Now, Data.Graph.Inductive.PatriciaTree has this definition for the class function mkGraph :

    mkGraph vs es   = insEdges es
                      . Gr
                      . IM.fromList
                      . map (second (l -> (IM.empty,l,IM.empty)))
                      $ vs

Where insEdges is a function defined in the module Data.Graph.Inductive.Graph as:

insEdges :: (DynGraph gr) => [LEdge b] -> gr a b -> gr a b
insEdges es g = foldl' (flip insEdge) g es

And Data.Graph.Inductive.PatriciaTree has this to say about insEdge :

{-# RULES
      "insEdge/Data.Graph.Inductive.PatriciaTree"  insEdge = fastInsEdge
  #-}
fastInsEdge :: LEdge b -> Gr a b -> Gr a b
fastInsEdge (v, w, l) (Gr g) = g2 `seq` Gr g2
  where
    g1 = IM.adjust addSucc' v g
    g2 = IM.adjust addPred' w g1

    addSucc' (ps, l', ss) = (ps, l', IM.insertWith addLists w [l] ss)
    addPred' (ps, l', ss) = (IM.insertWith addLists v [l] ps, l', ss)

So, in theory, when I run main1 in my test program I should get that compiled down into something that eventually calls fastInsEdge .

To test this, I compare against a modified version of Data.Graph.Inductive.PatriciaTree that uses this as its definition of the mkGraph method: (this is the class MyPatriciaTree used above in main2 )

    mkGraph vs es   = doInsEdges
                      . Gr
                      . IM.fromList
                      . map (second (l -> (IM.empty,l,IM.empty)))
                      $ vs
      where
        doInsEdges g = foldl' (flip fastInsEdge) g es

When I run my test program (after cabal configure --enable-library-profiling --enable-executable-profiling and cabal build GraphOptiTest ), though, the main2 method smokes the main1 method. It isn't even close - the profile shows 99.2% of the program's time is spent inside main1 . (and changing the program to just run main2 shows that yes, main2 is really fast on its own)

Yes, I do have -O in the ghc-options section of my cabal file.

Trying ghc options like -ddump-rule-firings doesn't really help - all I can see is that these replacement rules aren't firing, but I have no idea why. I don't know how to get the compiler to tell me why it didn't activate the replacement rules.

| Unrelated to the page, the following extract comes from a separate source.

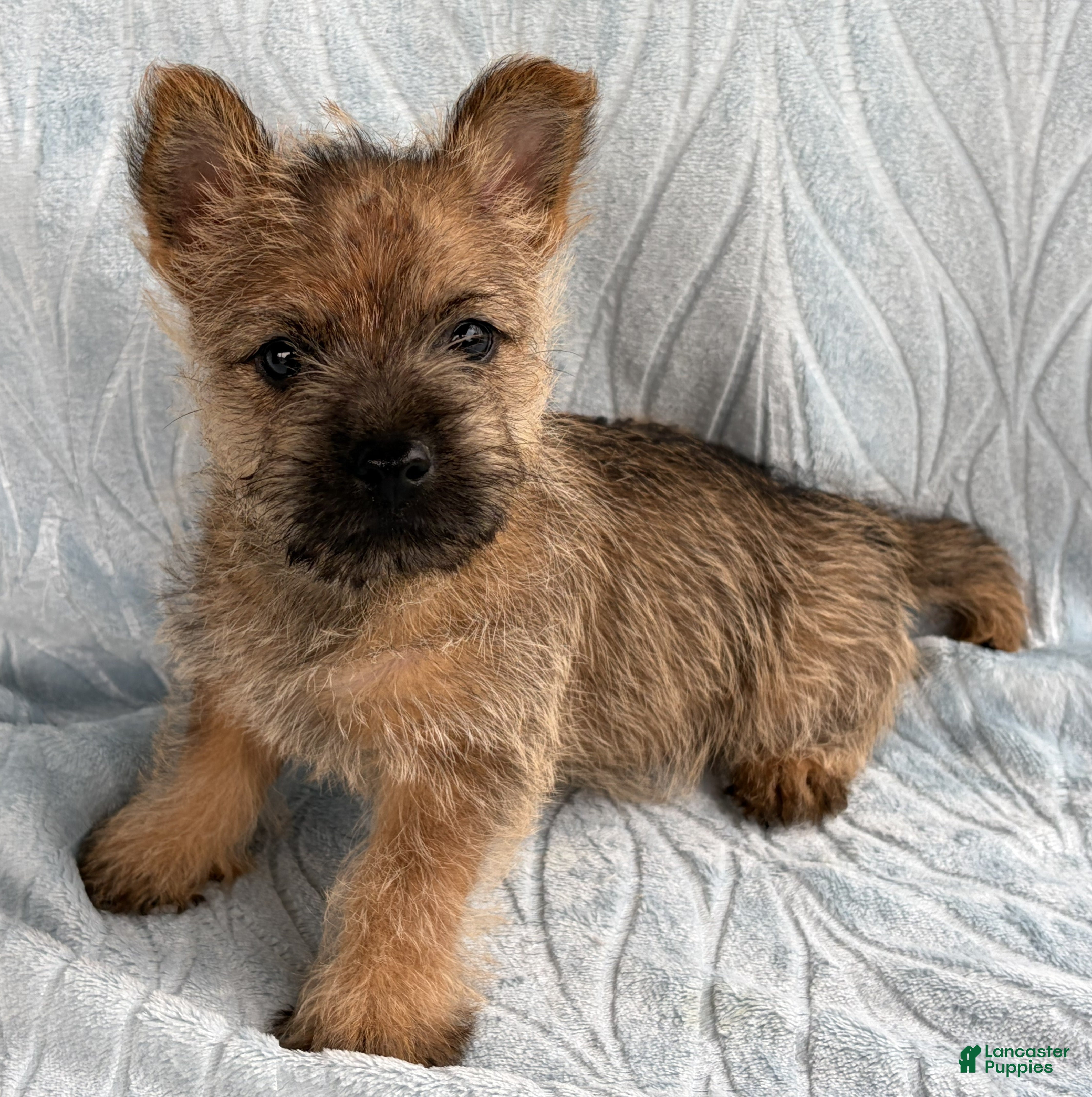 Cairn Terrier dogs Cairn Terrier Puppy 1 Dylan - Ad 2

Bringing up something discovered by messing around with fgl 's source in response @dfeuer's answer below:

If I add a specialized version of insEdges to Data.Graph.Inductive.PatriciaTree as:

{-# RULES
      "insEdges/Data.Graph.Inductive.PatriciaTree"  insEdges = fastInsEdges
  #-}
fastInsEdges :: [LEdge b] -> Gr a b -> Gr a b
fastInsEdges es g = foldl' (flip fastInsEdge) g es

Then both main1 and main2 are now fast. This replacement rule fires; why doesn't the other one? (And no, telling ghc to NOINLINE the function insEdge does no good)


EPILOGUE:

So there's now a bug filed with the fgl package for not tagging their functions that use insEdge and insNode appropriately so that the fast versions will be used. But in my code now I work around this and the workaround may be useful in more situations, so I thought I'd share it. At the top of my code now, I have:

import qualified Data.Graph.Inductive as G
import qualified Data.Graph.Inductive.PatriciaTree as Pt

-- Work around design and implementation performance issues
-- in the Data.Graph.Inductive package.
-- Specifically, the tuned versions of insNode, insEdge, gmap, nmap, and emap
-- for PatriciaTree graphs are exposed only through RULES pragmas, meaning
-- that you only get them when the compiler can specialize the function
-- to that specific instance of G.DynGraph. Therefore, I create my own
-- type class with the functions that have specialized versions and use that
-- type class here; the compiler then can do the specialized RULES
-- replacement on the Pt.Gr instance of my class.
class (G.DynGraph gr) => MyDynGraph gr where
  mkGraph :: [G.LNode a] -> [G.LEdge b] -> gr a b
  insNodes :: [G.LNode a] -> gr a b -> gr a b
  insEdges :: [G.LEdge b] -> gr a b -> gr a b
  insNode :: G.LNode a -> gr a b -> gr a b
  insEdge :: G.LEdge b -> gr a b -> gr a b
  gmap :: (G.Context a b -> G.Context c d) -> gr a b -> gr c d
  nmap :: (a -> c) -> gr a b -> gr c b
  emap :: (b -> c) -> gr a b -> gr a c

instance MyDynGraph Pt.Gr where
  mkGraph nodes edges = insEdges edges $ G.mkGraph nodes []
  insNodes vs g = foldl' (flip G.insNode) g vs
  insEdges es g = foldl' (flip G.insEdge) g es
  insNode = G.insNode
  insEdge = G.insEdge
  gmap = G.gmap
  nmap = G.nmap
  emap = G.emap

(Had I used the nemap function in my code I would have included that in the class too) Then, any code of mine which was formerly written in terms of (G.DynGraph gr) => ... is now written in terms of (MyDynGraph gr) => ... . The compiler RULES activate for the Pt.Gr instance, and I then get the optimized version for each function.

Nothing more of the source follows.